You'll often hear that having an emergency fund is crucial -- namely, because it can spare you from racking up debt when unplanned bills pop up. But not having an emergency fund could result in a scenario where you can't get a mortgage to buy a home. Here's why.

Too much debt could hurt your mortgage application

Mortgage lenders look at several factors when deciding whether or not to approve a home loan candidate. These include:

  • Credit score
  • Existing debt
  • Funds for a down payment
  • Income source and salary

Now, let's talk about existing debt. Lenders use a measure known as your debt-to-income ratio when figuring out if you qualify for a mortgage. That ratio compares your monthly debt payments (like your housing costs and credit card payments) to your monthly income. If that percentage is too high, you may be denied a home loan. After all, if you already have a lot of debt, a lender won't want to take the chance that you'll fall behind on mortgage payments because you have too many monthly obligations to manage.

So how does that tie in to having an emergency fund?
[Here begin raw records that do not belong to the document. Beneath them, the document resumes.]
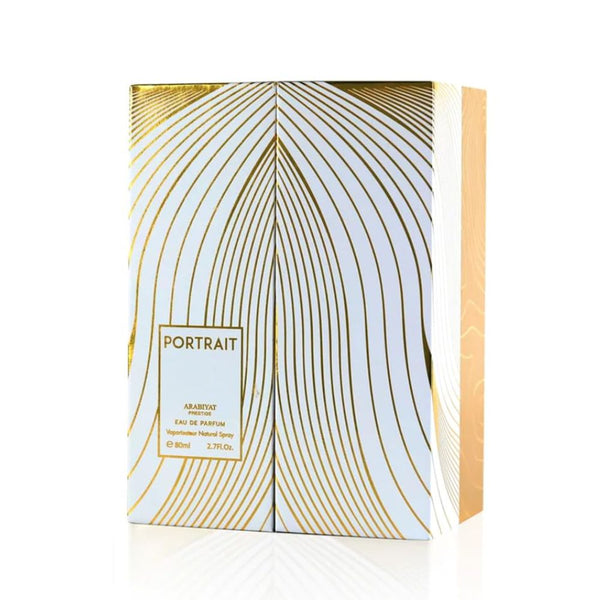 Arabiyat Prestige Portrait EDP 80 мл. - Унисекс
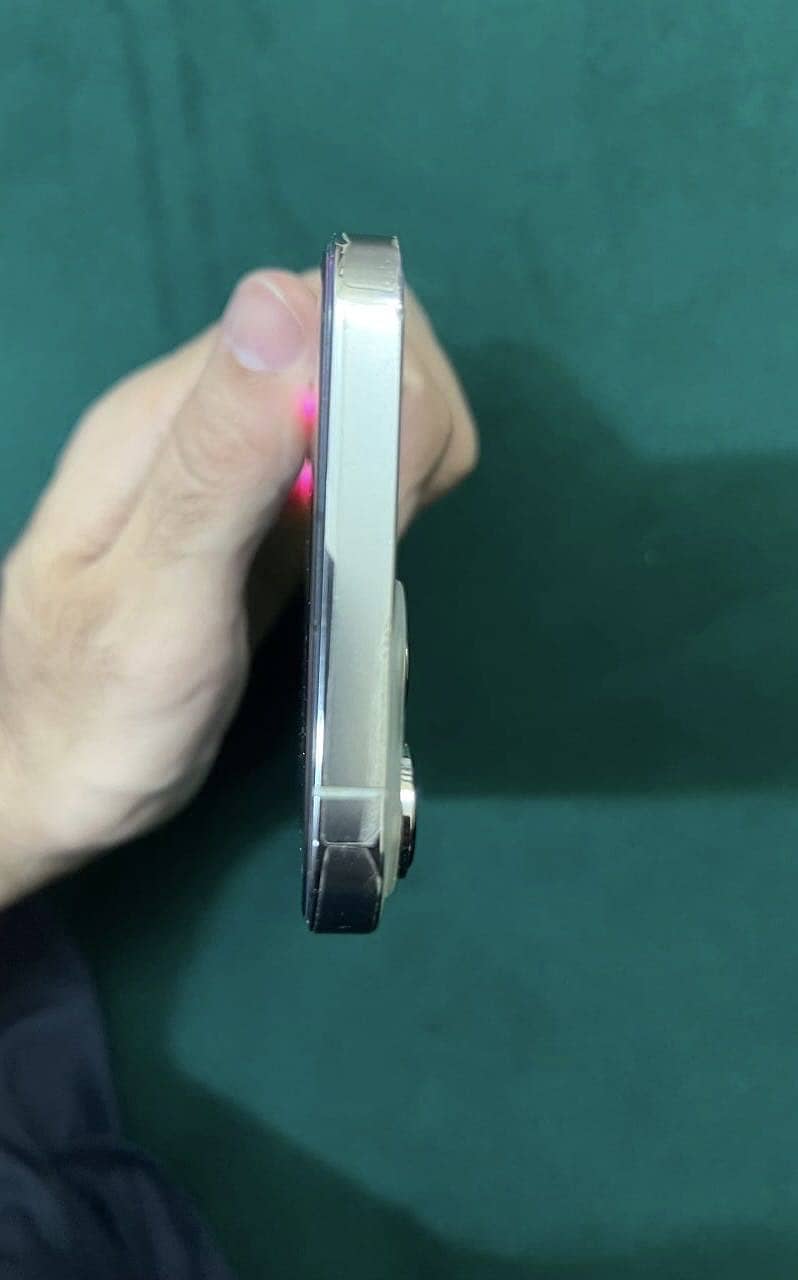 Apple iPhone 13 Pro Max 3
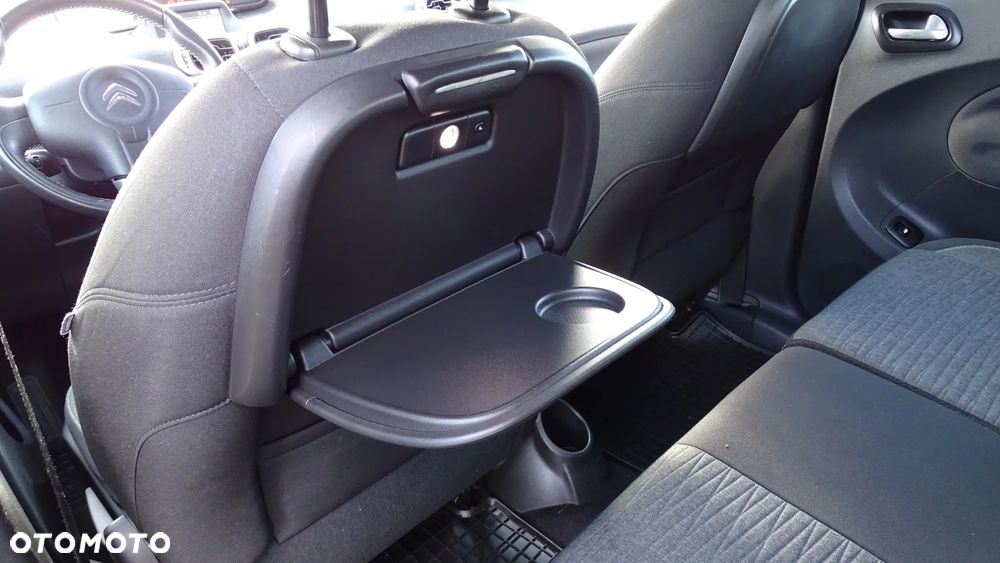 Citroën C3 Picasso 1.2 PureTech Exclusive - 21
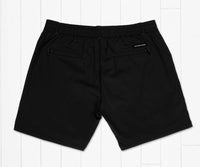 Southern Marsh - Men's Billfish Lined Performance Shorts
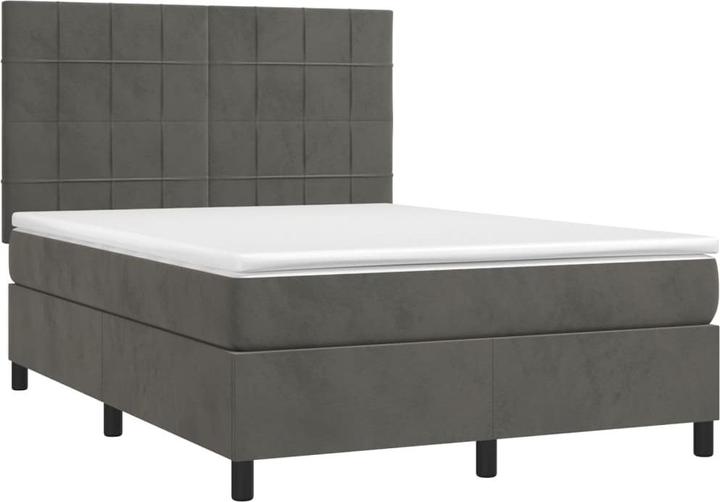 Actual product image VidaXL Esther (140 x 200)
It's simple: If you go without emergency savings, you may be forced to rack up debt when surprise expenses rear their ugly head. And that debt could take on different forms. It could mean having to put big charges on a credit card, or having to take out a personal loan and pay it off over time. Either way, it's debt that could serve as a red flag for lenders -- and cause you to lose out on the chance to buy a home.

How to build your emergency fund

If you don't have an emergency fund yet, it's important to build one -- whether you're planning to buy a home or not. First, you'll need to figure out a target savings goal. As a general rule, it's a good idea to have three to six months of living expenses in a savings account set aside for emergencies.

Where will that money come from? You have options.

First of all, if homeownership is on your radar and you've already begun saving for a down payment, that money could become your emergency fund. That means you'll then need to save the equivalent amount to put down on a home. But having an emergency fund should trump all other financial goals you have. You may also have the option to make a smaller down payment than you may have planned on. For example, if you have $30,000 to put down on a home, you might take half of that for your emergency fund and see if a lender will accept a $15,000 down payment instead.

Otherwise, you can build an emergency fund by cutting back on spending and boosting your earnings. Shed nonessential expenses from your budget and put the difference in the bank. On top of that, see if there's work you can pick up on the side in addition to your main job. Freelancing as a web designer for a number of months or driving for a rideshare company could put a lot of extra money in your pocket.

Having emergency savings is crucial -- especially if you're planning to buy a home. When you own property, repairs can pop up at any time. Without money in the bank, they could easily become a source of debt. But also, an emergency fund could spare you from racking up debt that will hurt your chances of getting a mortgage in the future, and that alone should serve as motivation to save.